2012年からは、海外展開も開始した。まずは、東南アジアの拠点として、シンガポールにAsia Pacific本部を設立。2018年にはカリフォルニア州に北米本部を設立し、米国市場への展開も強化している。
コロナ禍の影響で閉店した店も多かったが、近年は順調に出店を進めている。今年は、4月に台湾・台中市とオーストラリア・シドニー、5月に米国・カリフォルニア州、6月にカナダ・バンクーバー、7月に米国・マサチューセッツ州、8月に米国・アイダホ州と立て続けに6店舗を開業した。
中でも好調がうかがえるのは、北米初の直営旗艦店として米国・カリフォルニア州ロサンゼルスに開業したパサデナ店だ。初日は店頭に約300人が並び、最大で2時間待ちになった。若者を中心に地元客が多く訪れ、抹茶のラテやパフェがよく売れたという。

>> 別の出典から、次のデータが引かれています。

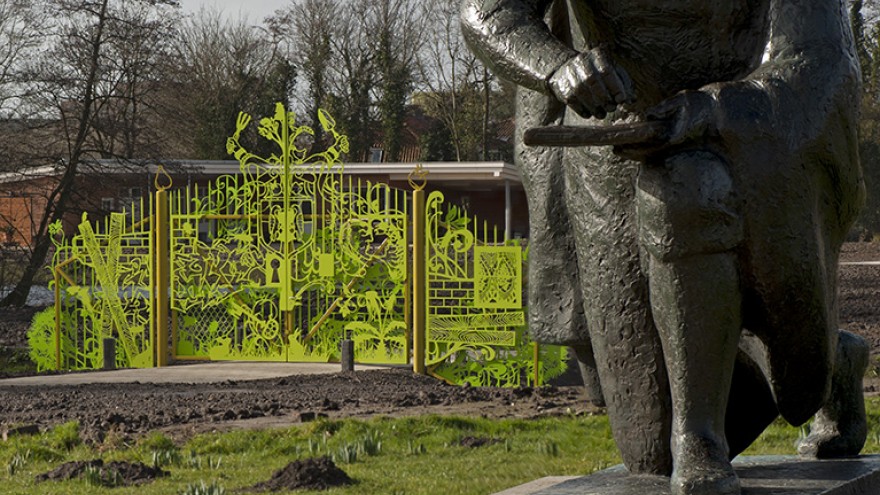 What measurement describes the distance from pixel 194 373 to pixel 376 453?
5760 mm

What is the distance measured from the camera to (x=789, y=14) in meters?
3.37

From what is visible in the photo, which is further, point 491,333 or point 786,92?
point 491,333

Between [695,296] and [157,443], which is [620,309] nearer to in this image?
[695,296]

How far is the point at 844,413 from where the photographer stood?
4.13 meters

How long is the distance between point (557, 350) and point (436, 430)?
12.8ft

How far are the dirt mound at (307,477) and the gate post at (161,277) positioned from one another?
772 cm

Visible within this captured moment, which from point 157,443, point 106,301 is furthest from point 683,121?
point 106,301

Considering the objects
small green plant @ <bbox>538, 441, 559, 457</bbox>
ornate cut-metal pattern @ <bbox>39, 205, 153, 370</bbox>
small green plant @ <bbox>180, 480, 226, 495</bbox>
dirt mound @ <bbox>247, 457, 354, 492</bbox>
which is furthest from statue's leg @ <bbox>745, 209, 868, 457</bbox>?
ornate cut-metal pattern @ <bbox>39, 205, 153, 370</bbox>

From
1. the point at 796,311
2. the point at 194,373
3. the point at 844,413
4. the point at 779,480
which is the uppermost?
the point at 796,311

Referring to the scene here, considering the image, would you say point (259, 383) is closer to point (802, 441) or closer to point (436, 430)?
point (436, 430)

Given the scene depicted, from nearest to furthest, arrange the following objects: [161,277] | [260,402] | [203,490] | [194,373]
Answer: [203,490], [260,402], [194,373], [161,277]

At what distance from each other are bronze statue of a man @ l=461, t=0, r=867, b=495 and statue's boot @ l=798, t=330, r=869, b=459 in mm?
420

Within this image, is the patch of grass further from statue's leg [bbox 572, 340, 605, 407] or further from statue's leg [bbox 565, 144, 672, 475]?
statue's leg [bbox 565, 144, 672, 475]

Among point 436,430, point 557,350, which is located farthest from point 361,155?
point 436,430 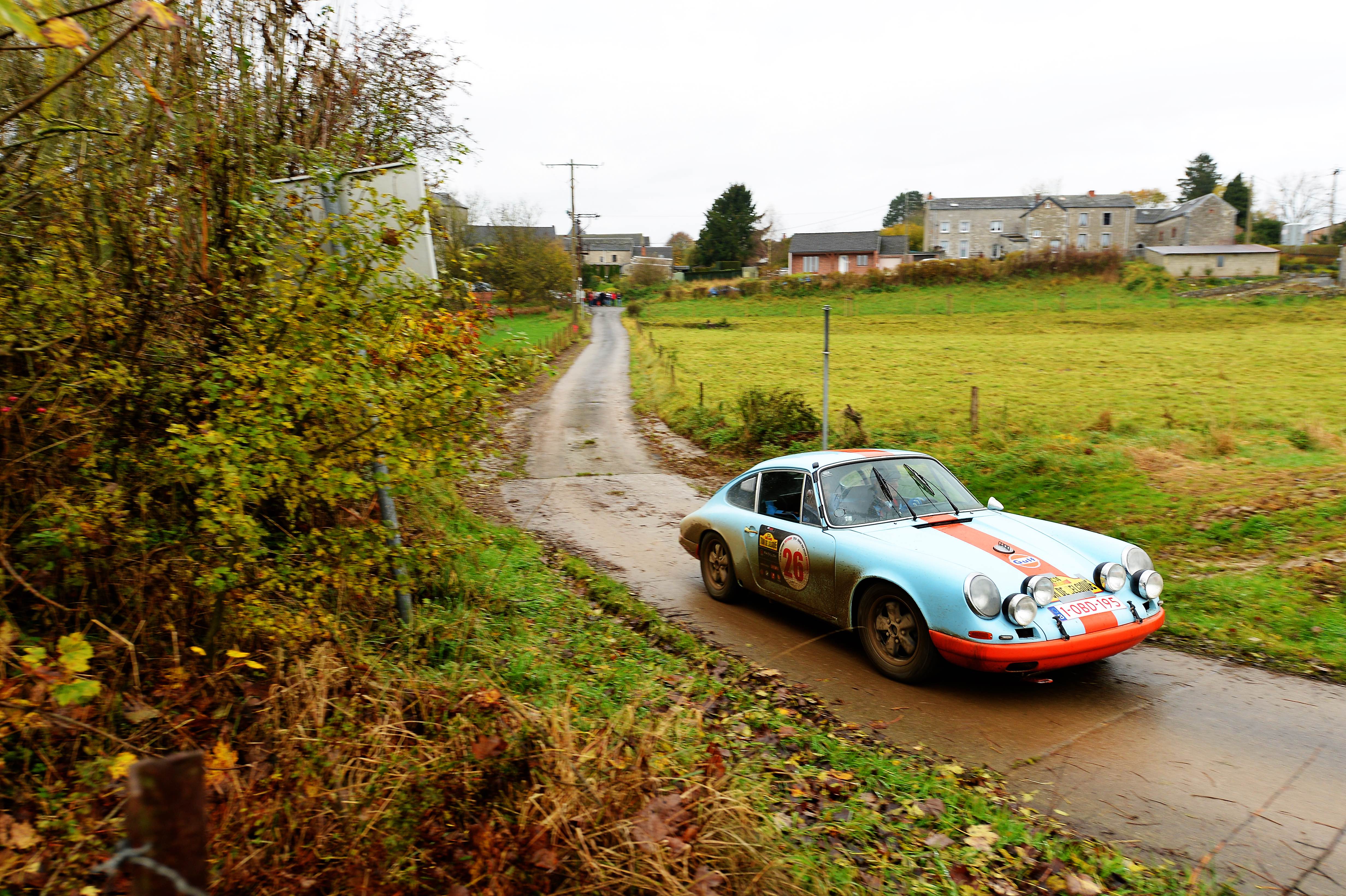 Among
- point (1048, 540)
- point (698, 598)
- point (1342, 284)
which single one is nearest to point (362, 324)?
point (698, 598)

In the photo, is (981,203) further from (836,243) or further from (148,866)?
(148,866)

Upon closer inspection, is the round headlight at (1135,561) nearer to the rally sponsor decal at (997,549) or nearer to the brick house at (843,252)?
the rally sponsor decal at (997,549)

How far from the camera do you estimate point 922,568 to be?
5691 millimetres

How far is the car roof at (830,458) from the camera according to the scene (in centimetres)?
721

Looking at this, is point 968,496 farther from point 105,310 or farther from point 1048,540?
point 105,310

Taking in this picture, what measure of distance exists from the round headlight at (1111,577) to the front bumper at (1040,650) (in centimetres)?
28

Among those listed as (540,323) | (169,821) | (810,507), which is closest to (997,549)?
(810,507)

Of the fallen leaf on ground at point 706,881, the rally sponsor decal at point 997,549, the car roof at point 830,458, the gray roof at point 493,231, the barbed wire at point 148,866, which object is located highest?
the gray roof at point 493,231

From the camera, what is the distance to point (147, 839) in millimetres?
1740

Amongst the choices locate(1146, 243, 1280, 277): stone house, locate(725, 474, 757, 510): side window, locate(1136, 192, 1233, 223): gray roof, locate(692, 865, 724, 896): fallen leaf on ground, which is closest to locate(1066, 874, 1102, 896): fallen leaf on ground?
locate(692, 865, 724, 896): fallen leaf on ground

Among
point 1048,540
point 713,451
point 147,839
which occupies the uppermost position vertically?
point 147,839

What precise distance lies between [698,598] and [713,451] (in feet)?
28.8

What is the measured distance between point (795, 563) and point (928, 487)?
1.35 m

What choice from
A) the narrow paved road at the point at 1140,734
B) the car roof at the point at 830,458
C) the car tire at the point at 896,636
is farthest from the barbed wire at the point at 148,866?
the car roof at the point at 830,458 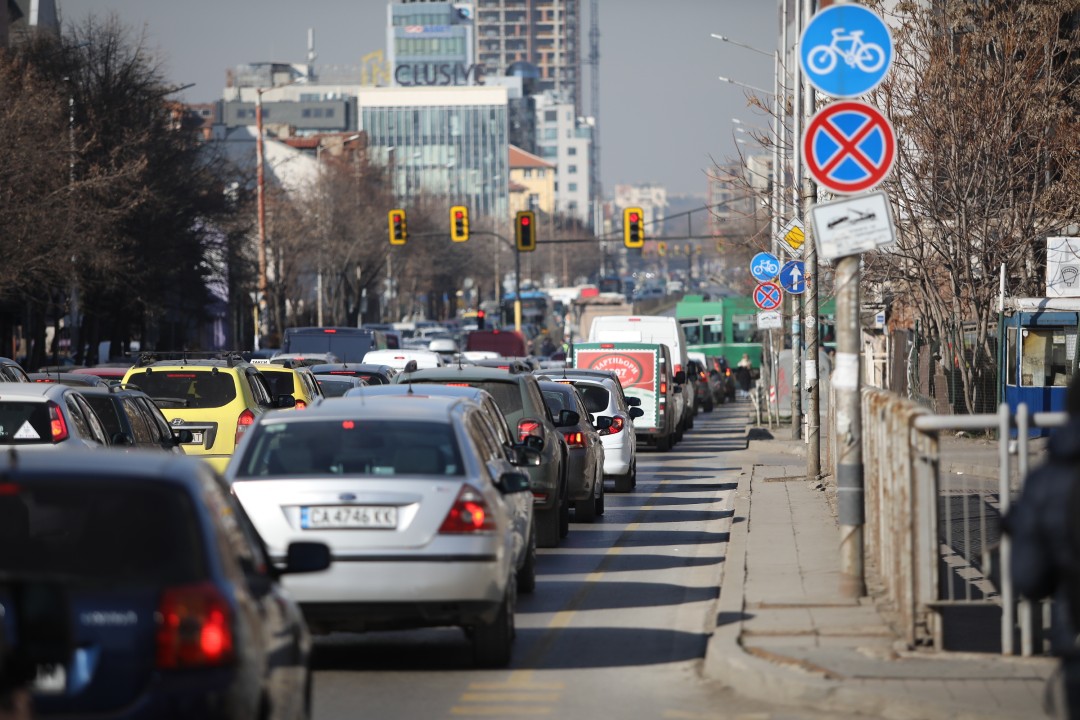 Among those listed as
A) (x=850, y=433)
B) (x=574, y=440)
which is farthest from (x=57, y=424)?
(x=850, y=433)

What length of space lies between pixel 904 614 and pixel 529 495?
3408 mm

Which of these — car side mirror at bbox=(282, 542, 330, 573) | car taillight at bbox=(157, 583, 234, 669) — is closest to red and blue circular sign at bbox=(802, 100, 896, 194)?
car side mirror at bbox=(282, 542, 330, 573)

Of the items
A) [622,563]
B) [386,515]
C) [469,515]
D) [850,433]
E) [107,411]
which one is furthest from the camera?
[107,411]

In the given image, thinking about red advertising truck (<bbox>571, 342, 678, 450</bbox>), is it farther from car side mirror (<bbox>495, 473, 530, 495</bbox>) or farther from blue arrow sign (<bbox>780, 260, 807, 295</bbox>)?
car side mirror (<bbox>495, 473, 530, 495</bbox>)

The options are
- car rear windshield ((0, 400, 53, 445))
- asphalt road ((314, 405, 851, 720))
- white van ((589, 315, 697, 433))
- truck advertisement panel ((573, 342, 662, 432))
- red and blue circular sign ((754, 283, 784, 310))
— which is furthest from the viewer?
white van ((589, 315, 697, 433))

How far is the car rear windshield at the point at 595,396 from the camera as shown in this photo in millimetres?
25141

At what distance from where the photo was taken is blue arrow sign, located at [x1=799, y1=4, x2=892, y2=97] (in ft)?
39.8

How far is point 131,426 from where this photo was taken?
55.3 feet

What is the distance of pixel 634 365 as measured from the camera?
35906 millimetres

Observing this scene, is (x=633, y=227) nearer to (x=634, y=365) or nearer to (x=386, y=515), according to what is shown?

そもそも、なぜ七葉は米国展開を強化しようと考えたのか。朽網社長は、2つの要素を挙げた。
「日本食のチェーンにとって、北米はまだブルーオーシャンだと考えています。寿司やラーメンなどは進出していますが、それほど大きな規模ではなく、個人店のほうが多い印象です。参入障壁が高い分、チャンスがあるかなと思っています。
それに加えて、東南アジアと比較して、米国は新しいものを受け入れる土壌があると感じます。ブランドへのロイヤルティが高いというか。契約を順守する風潮も強いですし、当社がやりたいことを実現しやすいマーケットかなと考えています」
国内飲食チェーンの米国展開といえば、くら寿司(約90店舗)、牛角(約60店舗)、丸亀製麺(20店舗)などは着々と店舗数を増やしている。スイーツ専門店だと、ビアードパパ(34店舗)、「てつおじさんのチーズケーキ」(16店舗、海外では「Uncle Tetsu」として展開)のほか、辻利茶舗もカナダで数店舗を運営している(いずれも9月上旬時点)。